I assume this is possible. On the other hand, it is possible that the applicant you want does not apply but would have if they were more informed about the applicant pools of your firm and others.
Even if we expected hiring outcomes to in fact be worse somehow, it still seems likely to me that it would be optimal for some amount of firms to experiment with the policies and report back.
Furthermore, this argument is essentially paternalistic on the part of the firm towards the applicant. I think it would be more appropriate to place more trust in applicants to make generally more effective decisions in an environment with strictly more information.
We should also ask our institutions to expose themselves to feedback and regulation from the community where possible. I think we should be allowed to see the labor cost on the community of MIRI or OpenAI's current recruitment process, we should be allowed to grade 80k hours on the outcomes of its career recommendations, etcetera.
Feedback to rejected applicants
Basic argument: Applicants are not very informed about their hireability. The hiring process is an expensive effort by a firm aimed to assess the hireability of all willing applicants. Currently, most firms share the bare minimum of the fruits of this effort with applicants, in the form of a binary decision. Shouldn't we expect it to be beneficial to share as much as possible instead?
Assuming that firms record at least some notes about each applicant, increasing the richness of feedback should be pretty cheap.

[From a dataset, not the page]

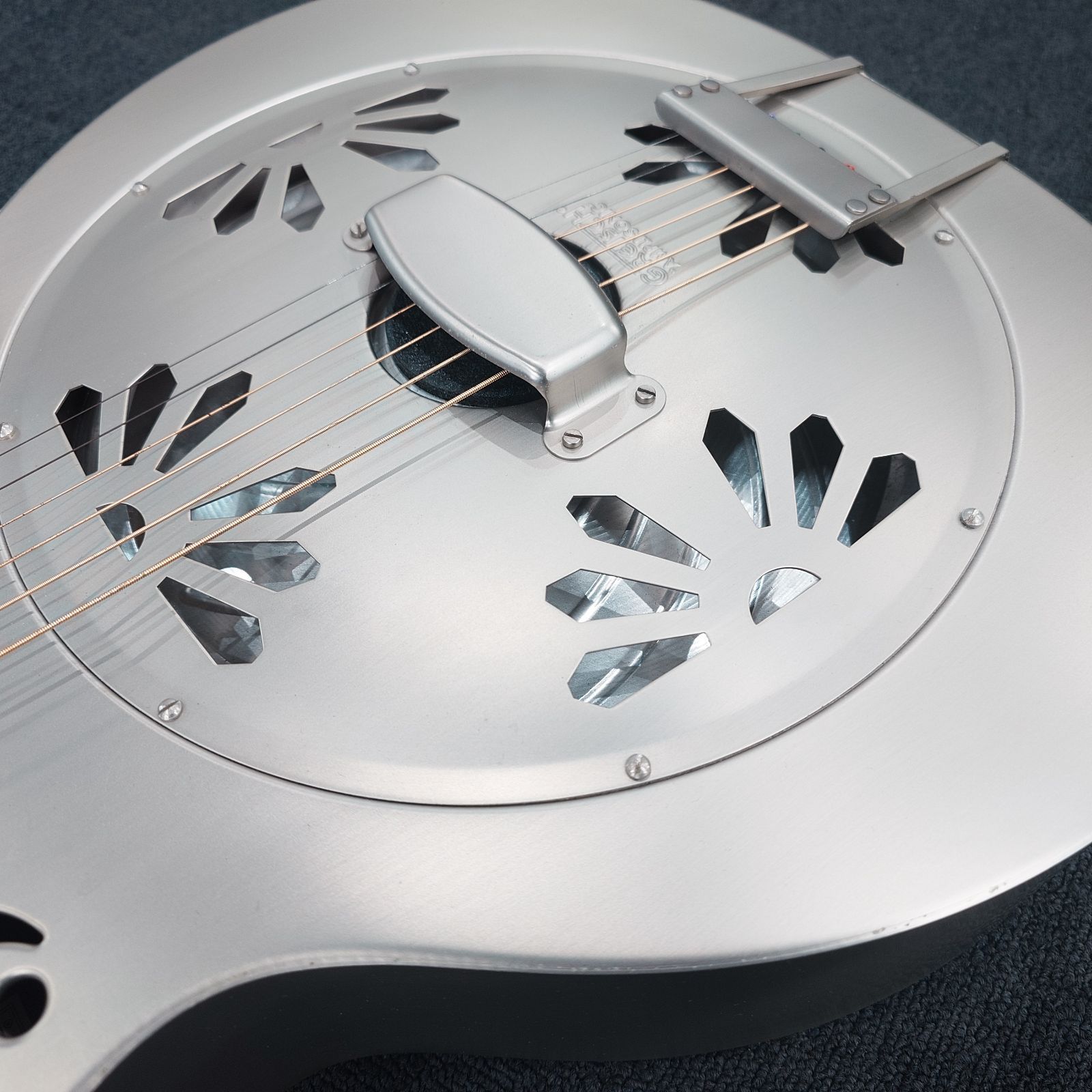 Gretsch グレッチ リゾネーターギター ケース付 G9201 Honey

Coordination between employers
Here I would differentiate between "soft" coordination, such as creating a standardized portal through which to issue applications to multiple firms, and "hard" coordination, such as how sports teams use a draft system. It seems obvious to me that both forms of coordination could be useful under some circumstances, but I don't have a lot to say about this idea otherwise and merely wanted to point out the option.

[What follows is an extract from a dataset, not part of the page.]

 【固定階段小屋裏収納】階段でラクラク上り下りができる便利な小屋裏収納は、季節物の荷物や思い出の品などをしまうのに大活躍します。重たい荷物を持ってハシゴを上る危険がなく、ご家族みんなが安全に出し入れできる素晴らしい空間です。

Thanks for posting! I liked the note at the beginning, which gave me a good sense for your confidence levels and purpose. As usual, this comment will highlight areas where I disagree or saw room for expansion, rather than agreement.

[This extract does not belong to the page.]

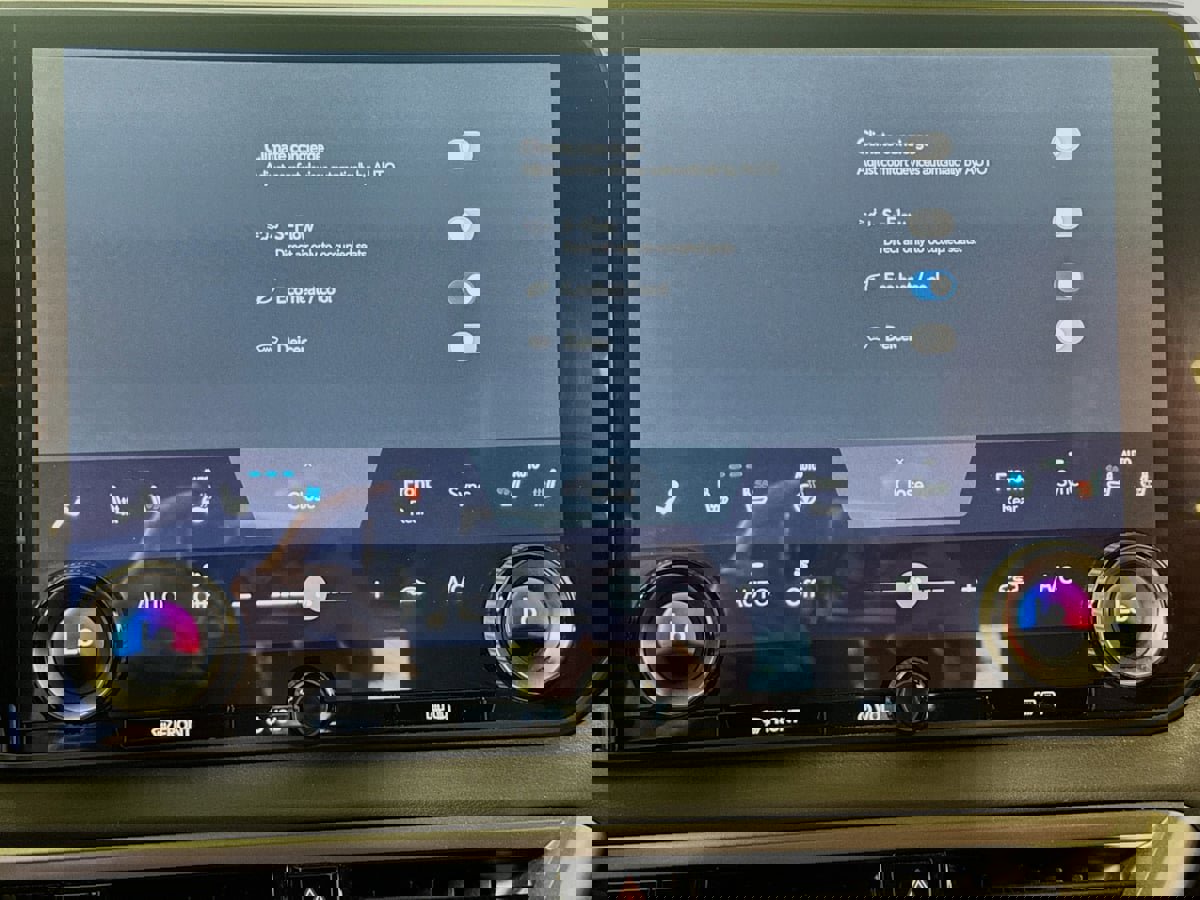 Used 2023 Lexus RX 500h F Sport w/ Cold Area Package image 16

This wouldn't be hard to do in most cases, but it might be risky for smaller hiring processes. For example, if only three people apply for Position X, it might be possible for someone to infer who they were based on their knowledge of the community, and therefore to know who was rejected. (Ideally, not getting a job wouldn't expose someone to any embarrassment in the EA community, but I don't think that's the case right now.)
As others have noted in the comments, candidates can get a good amount of information by looking at public bios/LinkedIn pages/other information about current employees. There's also a risk that seeing what got someone hired in 2016 won't be very informative for "what will get someone hired in 2019". Organizations often raise their standards as they grow and professionalize.
I'm very wary about recommendations that lead to EA organizations having to consider the entire community's opinion on internal decisions. MIRI and OpenAI seems like especially strange organizations to ask for this data; they have many fewer applicants than, say, Open Phil or GiveWell, and are much less likely to hire for "generalist" roles that offer more flexible approaches to hiring. (That is, Open Phil probably has more degrees of freedom in finding good generalist researchers than OpenAI does in finding machine learning experts.)
Also, it seems like the most appropriate group of people to make this kind of demand of MIRI would be "MIRI's donors", and they haven't done so that I know of.
As for 80K: If you want to grade them based on the outcomes of their recommendations, you can already do so. They get plenty of feedback from community members on their strategy. Is there particular data you want them to collect that they currently don't?